REQUIREMENT
Quote every line of the data below as it stands, omitting pictures.
■ ■ ■ ■
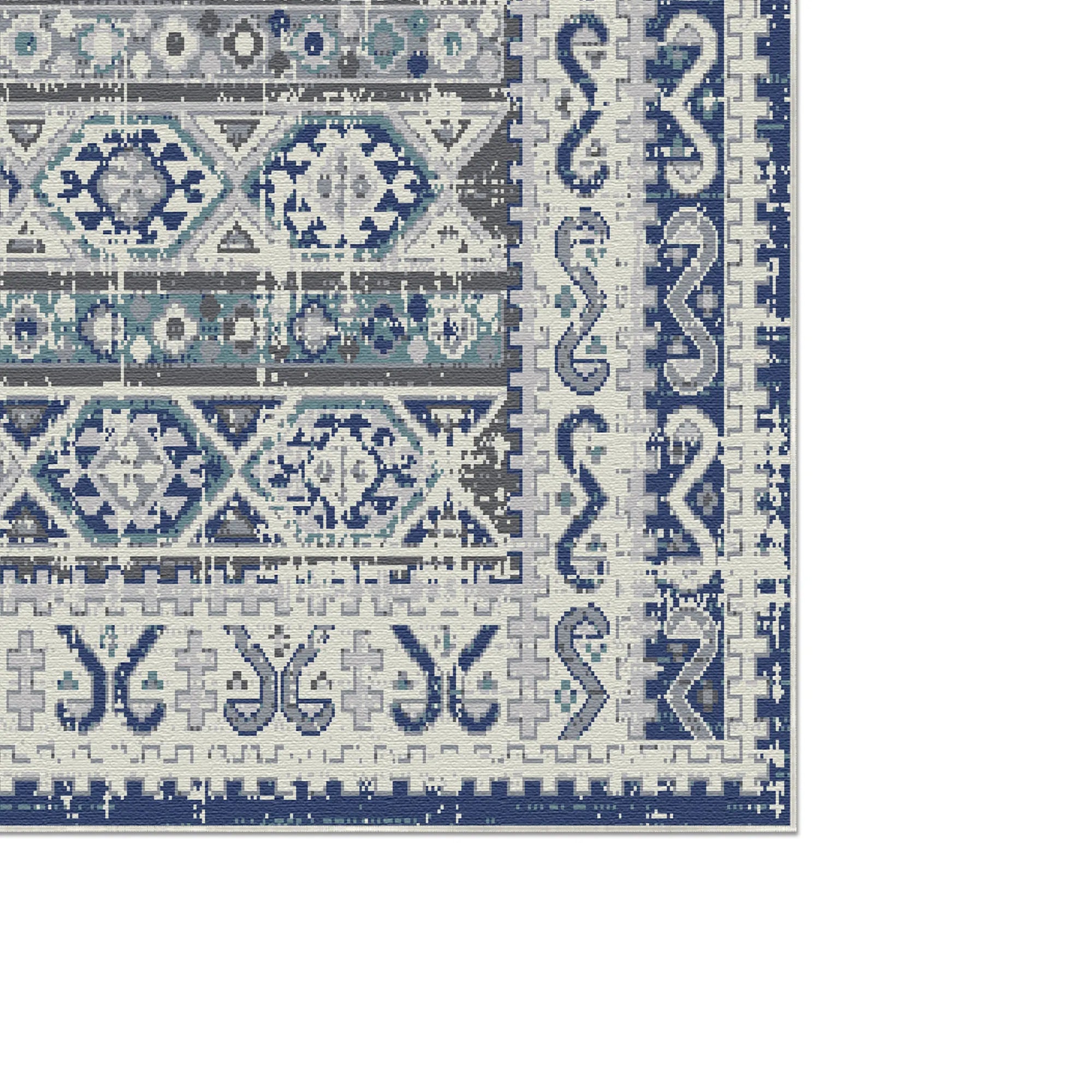 Baltic Blue Folklore Medallion Washable Rug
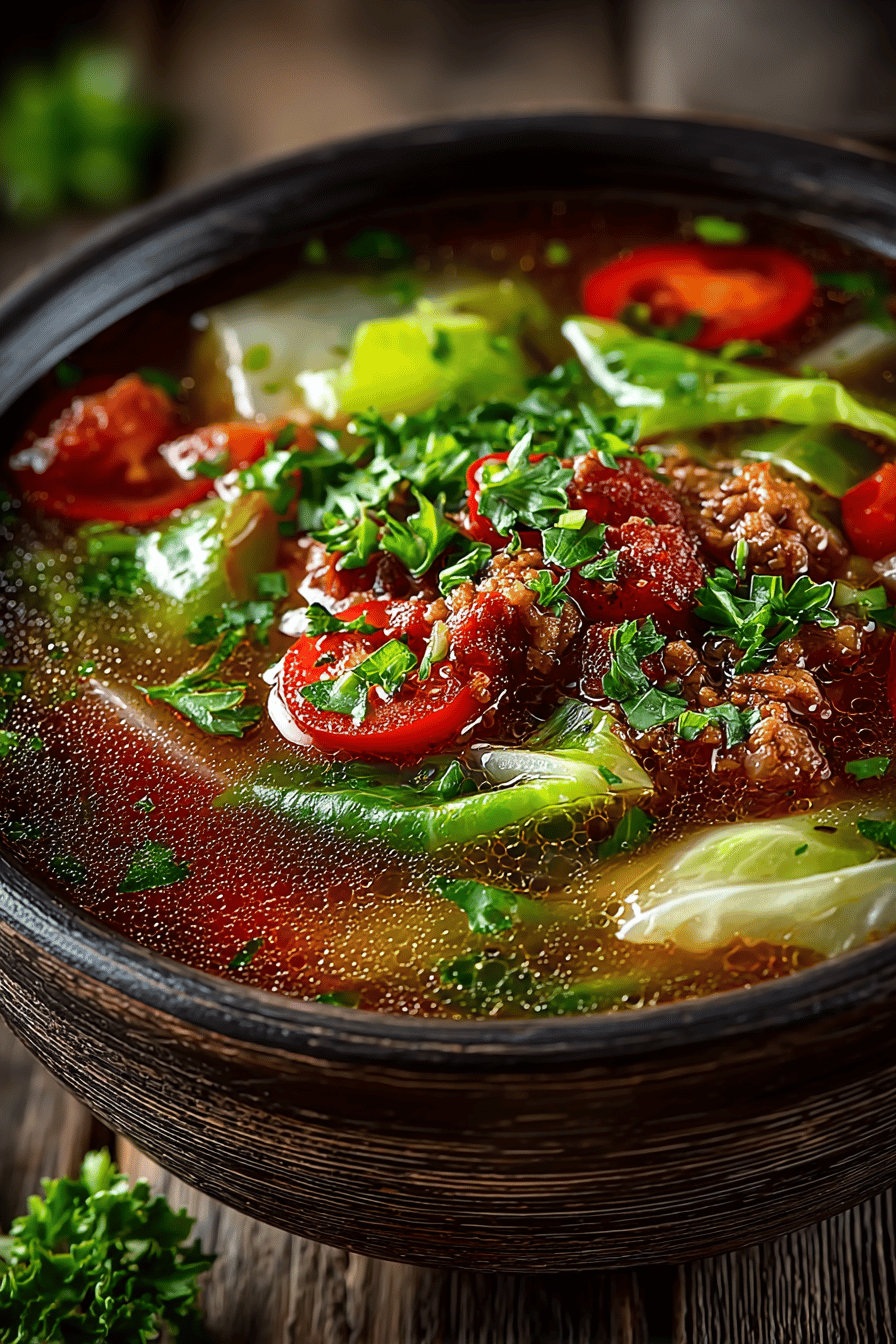 Cabbage Roll Soup Recipe ingredients organized and measured on kitchen counter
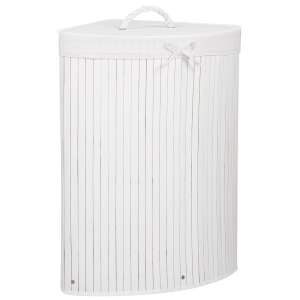 White bamboo laundry hamper with lid, Springos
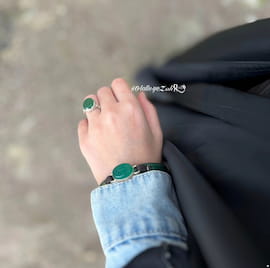 انگشتر زنانه نقره سبز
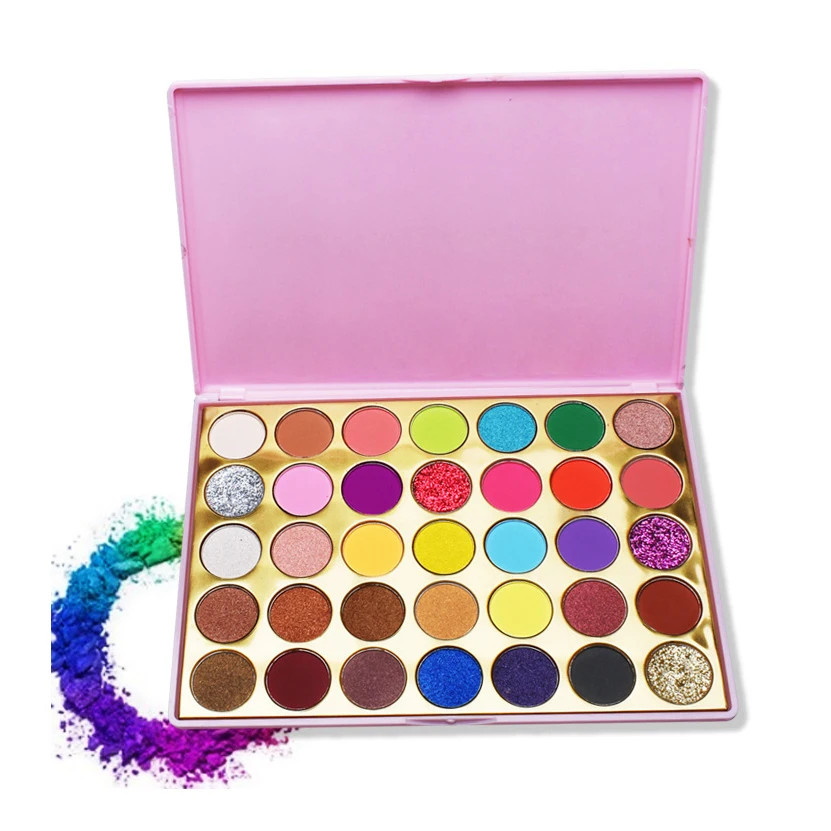 

35 Colors Matte Pressed Eye Shadow Shimmer and Glitter Pink Eyeshadow Palette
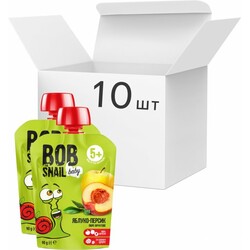 Bob Snail. Упаковка фруктового пюре Яблуко-Персик 90 г х 10 шт (4820219343035)
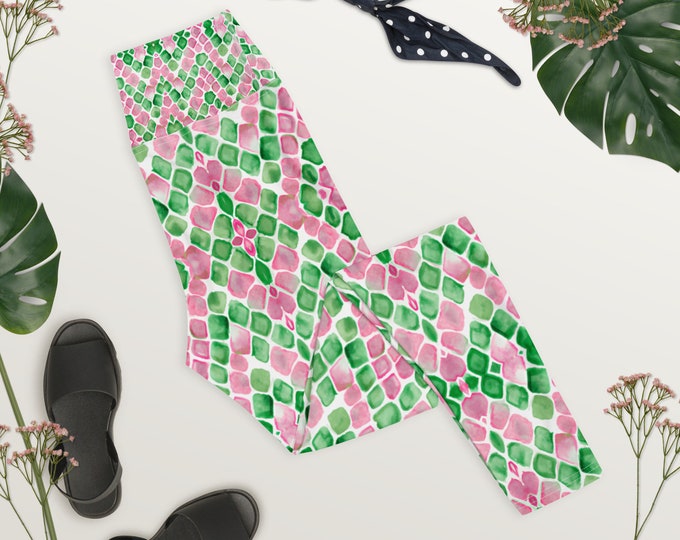 Pink & Green Abstract Yoga Leggings – High Waist, Stretchy Activewear for Women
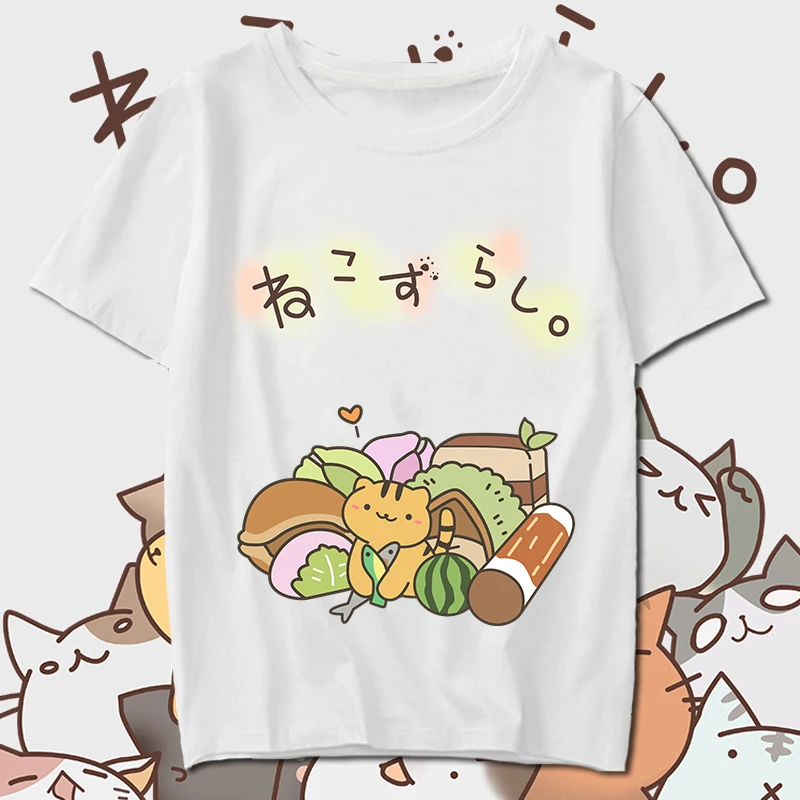 Футболка для косплея из японского аниме Неко ацумэ летняя футболка с мультяшным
■ ■ ■ ■
SOLUTION
 Baltic Blue Folklore Medallion Washable Rug
 Cabbage Roll Soup Recipe ingredients organized and measured on kitchen counter
 White bamboo laundry hamper with lid, Springos
 انگشتر زنانه نقره سبز

35 Colors Matte Pressed Eye Shadow Shimmer and Glitter Pink Eyeshadow Palette
 Bob Snail. Упаковка фруктового пюре Яблуко-Персик 90 г х 10 шт (4820219343035)
 Pink & Green Abstract Yoga Leggings – High Waist, Stretchy Activewear for Women
 Футболка для косплея из японского аниме Неко ацумэ летняя футболка с мультяшным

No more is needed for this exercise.